* _YOUR INSTRUCTIONS_
Your job is to print, exactly, the lines in the data below from the line with "Cotopaxi Muevo bodysuit" through the line with "Two sketch portraits", both included, and to omit any picture.

* _RECORDS SUPPLIED_
============================================================

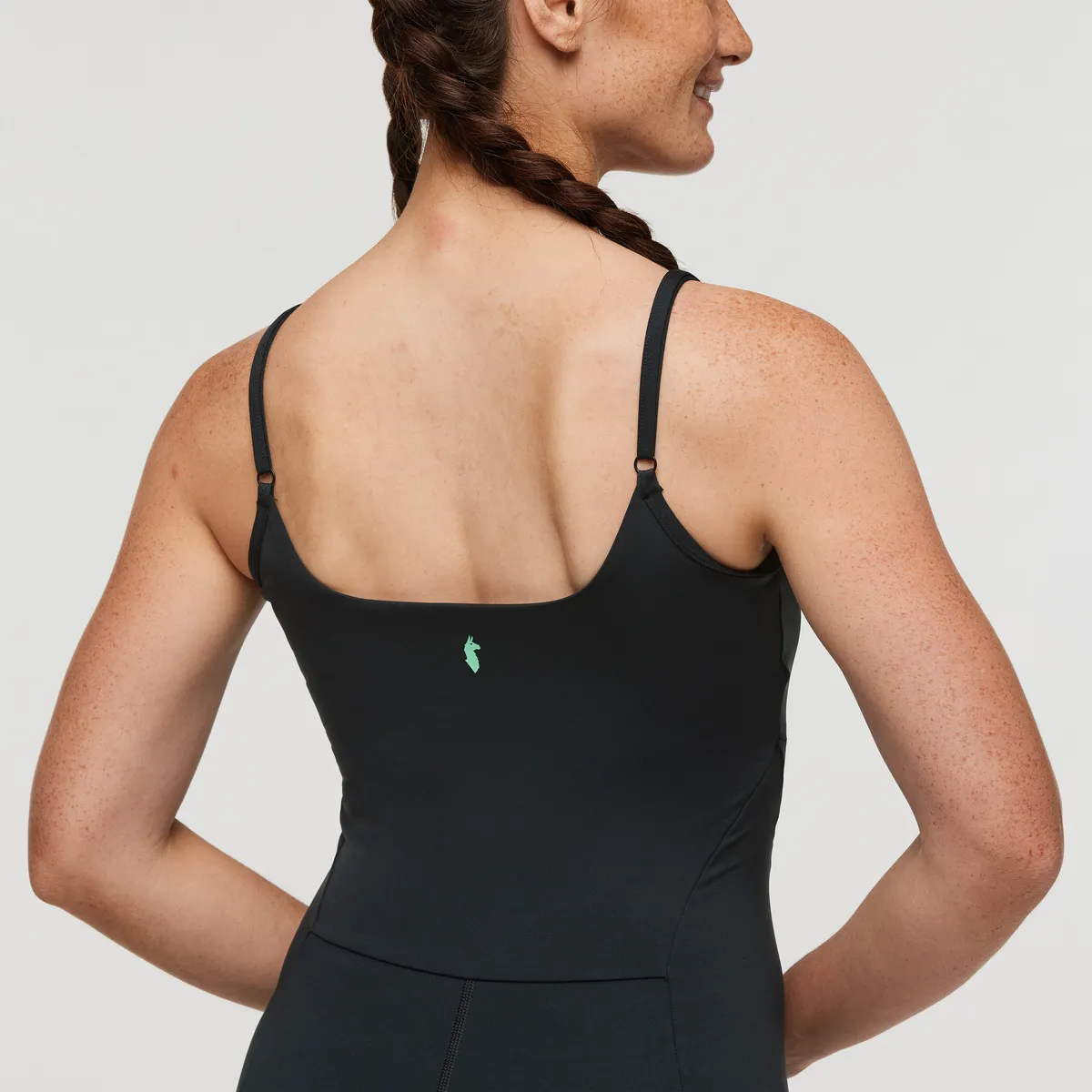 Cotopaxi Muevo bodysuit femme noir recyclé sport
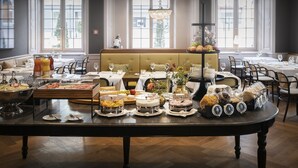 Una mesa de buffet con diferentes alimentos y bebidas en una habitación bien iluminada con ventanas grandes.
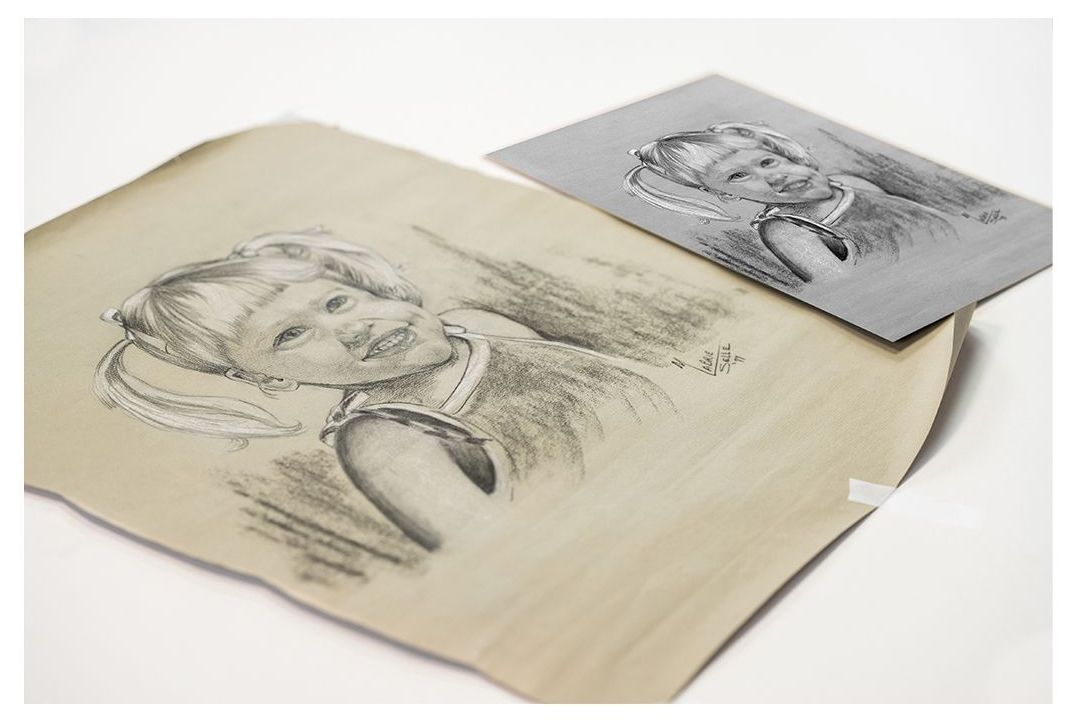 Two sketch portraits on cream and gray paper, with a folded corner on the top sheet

============================================================

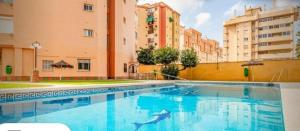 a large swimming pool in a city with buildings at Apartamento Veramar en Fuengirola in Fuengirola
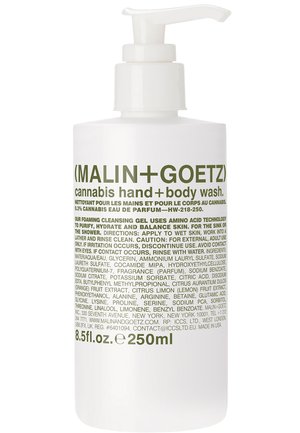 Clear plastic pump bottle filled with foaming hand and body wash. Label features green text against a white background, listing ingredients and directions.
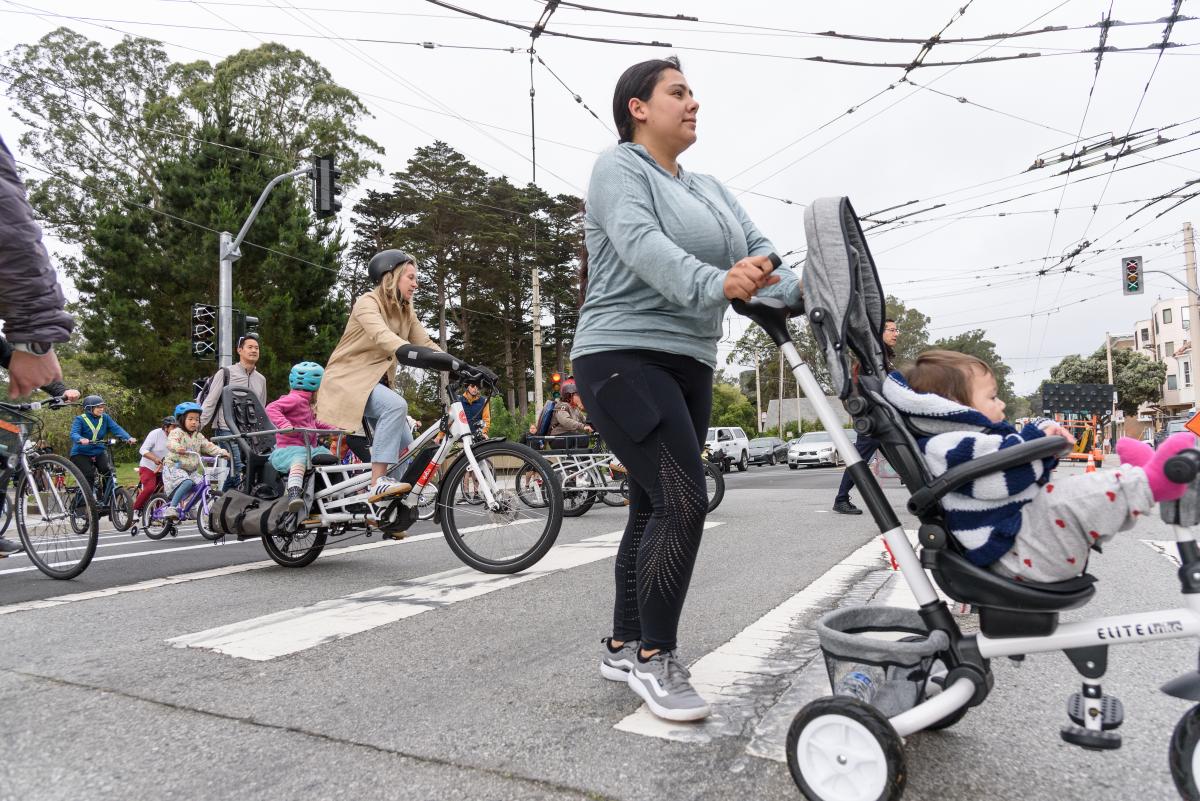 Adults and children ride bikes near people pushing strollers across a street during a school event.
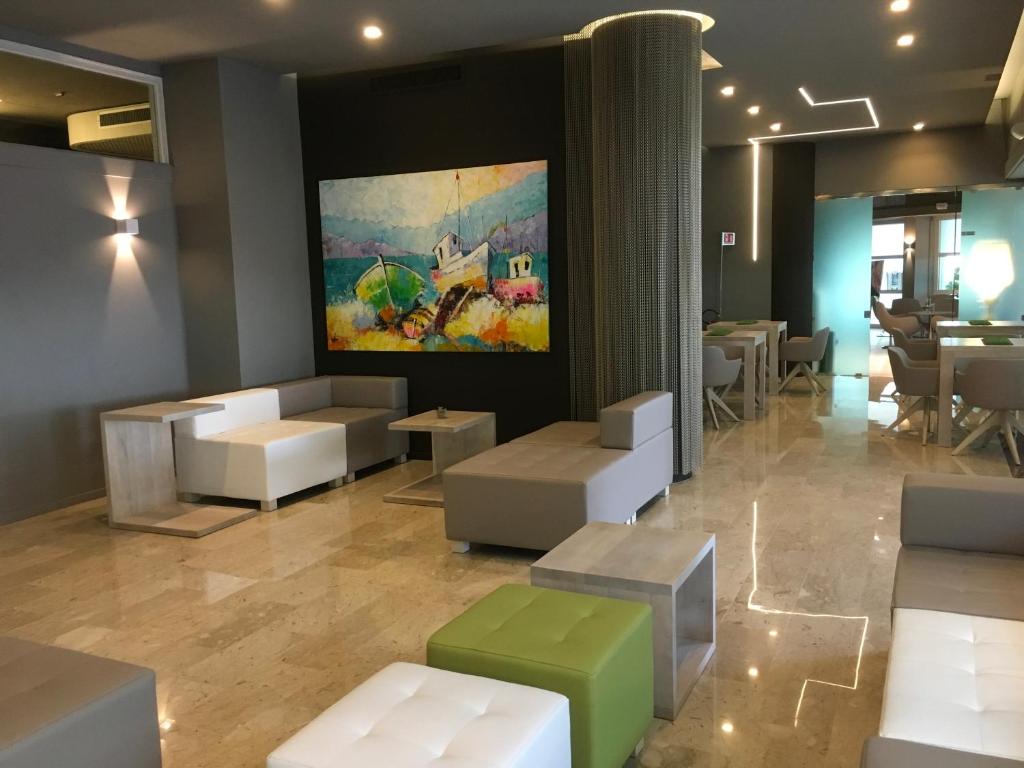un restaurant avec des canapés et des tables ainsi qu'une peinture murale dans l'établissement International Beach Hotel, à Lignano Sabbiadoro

============================================================

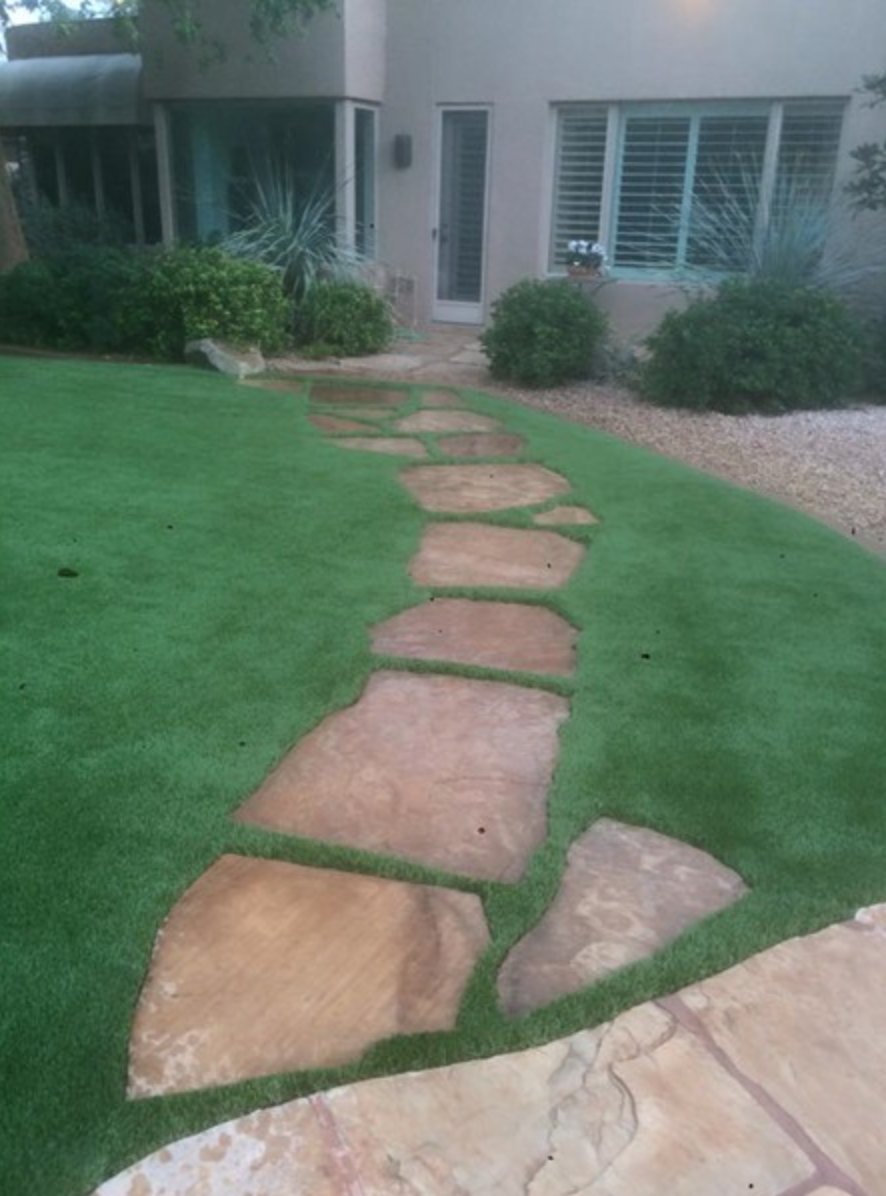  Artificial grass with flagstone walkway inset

============================================================

* _OUTPUT_
 Cotopaxi Muevo bodysuit femme noir recyclé sport
 Una mesa de buffet con diferentes alimentos y bebidas en una habitación bien iluminada con ventanas grandes.
 Two sketch portraits on cream and gray paper, with a folded corner on the top sheet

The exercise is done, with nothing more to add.